Of its 486 miles (which include 28 connected trail components that traverse eight state forests and six designated wilderness areas), I have hiked maybe a couple dozen, every inch of them spectacular. For years, we have visited a patch of Pike National Forest through which a stretch of the Colorado Trail weaves. It is beautiful country with boulder-dotted meadows and distant views of snow-capped peaks.
It is also, relatively speaking, good country to take a blind dog for some outdoor activity.
Though some diabetes-related health problems persist (the least of which at the moment are his cataracts), Miles’s blood-sugar finally seems stable, he lost the poundage equivalent of a pack of Pomeranians in just a few months, and his assertive brand of energy has returned with a vengeance. “I think I liked fat, lazy Miles better,” said my better half while getting dragged down the street by the galloping, visionless dog a couple weeks ago; like my last job, it’s the blind leading the sighted.
We don’t get to go for walks in the woods as much as the dogs or I would like these days, but before last week’s brief Arctic chill (which had the transplants whining awfully early in the season for my tastes), we made the trek to our beloved, little-used swath of open space, walked a portion of the Colorado Trail, and followed Miles as he bounded, aimless and unaware as the common voter, over the lolling hills. His carelessness only cost him a bloody nose.

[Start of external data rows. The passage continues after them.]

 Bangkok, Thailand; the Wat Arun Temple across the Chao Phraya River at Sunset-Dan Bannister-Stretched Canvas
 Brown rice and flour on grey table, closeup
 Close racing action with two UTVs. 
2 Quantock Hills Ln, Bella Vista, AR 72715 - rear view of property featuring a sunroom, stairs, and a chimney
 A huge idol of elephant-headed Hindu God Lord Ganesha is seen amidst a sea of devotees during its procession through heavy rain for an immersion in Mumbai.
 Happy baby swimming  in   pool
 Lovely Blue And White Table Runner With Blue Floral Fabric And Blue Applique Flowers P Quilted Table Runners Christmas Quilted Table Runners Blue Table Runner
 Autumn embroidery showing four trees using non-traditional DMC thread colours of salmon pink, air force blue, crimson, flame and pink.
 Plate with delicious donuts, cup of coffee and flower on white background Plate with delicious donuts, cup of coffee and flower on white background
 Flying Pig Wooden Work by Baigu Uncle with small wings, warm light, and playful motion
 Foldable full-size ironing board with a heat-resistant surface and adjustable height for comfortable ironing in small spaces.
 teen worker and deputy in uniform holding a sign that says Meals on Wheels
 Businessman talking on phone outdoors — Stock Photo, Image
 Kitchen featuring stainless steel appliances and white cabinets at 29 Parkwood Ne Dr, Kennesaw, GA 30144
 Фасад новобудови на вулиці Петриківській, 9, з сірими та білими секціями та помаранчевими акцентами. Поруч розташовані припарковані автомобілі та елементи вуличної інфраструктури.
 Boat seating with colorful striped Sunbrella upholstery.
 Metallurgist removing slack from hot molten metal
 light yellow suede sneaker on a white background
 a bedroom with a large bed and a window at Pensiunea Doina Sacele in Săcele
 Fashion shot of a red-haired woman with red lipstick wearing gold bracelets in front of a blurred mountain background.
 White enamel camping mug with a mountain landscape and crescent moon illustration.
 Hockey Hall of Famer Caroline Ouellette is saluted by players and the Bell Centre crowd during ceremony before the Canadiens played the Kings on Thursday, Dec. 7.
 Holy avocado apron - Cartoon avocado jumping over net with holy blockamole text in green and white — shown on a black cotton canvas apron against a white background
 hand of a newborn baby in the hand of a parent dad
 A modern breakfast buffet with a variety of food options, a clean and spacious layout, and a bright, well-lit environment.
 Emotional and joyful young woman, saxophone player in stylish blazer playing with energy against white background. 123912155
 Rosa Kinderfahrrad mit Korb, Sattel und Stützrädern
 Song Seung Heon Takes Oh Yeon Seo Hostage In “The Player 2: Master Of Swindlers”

1 Apologies for the post-Election Day tirade, but I was recently given a book called 642 Things to Write About, and paging through it I thought a cool topic would be: Write the longest sentence you can (an idea that may already be in there, but 642 is a lot, and I haven’t had time to look at them all yet). Since the rant had been building for weeks and seemed appropriate for the task at hand, I unloaded. Incidentally, my sentence came out to only 156 words (more verbose than average, and certainly not good for search-engine traffic, but a far cry from the longest).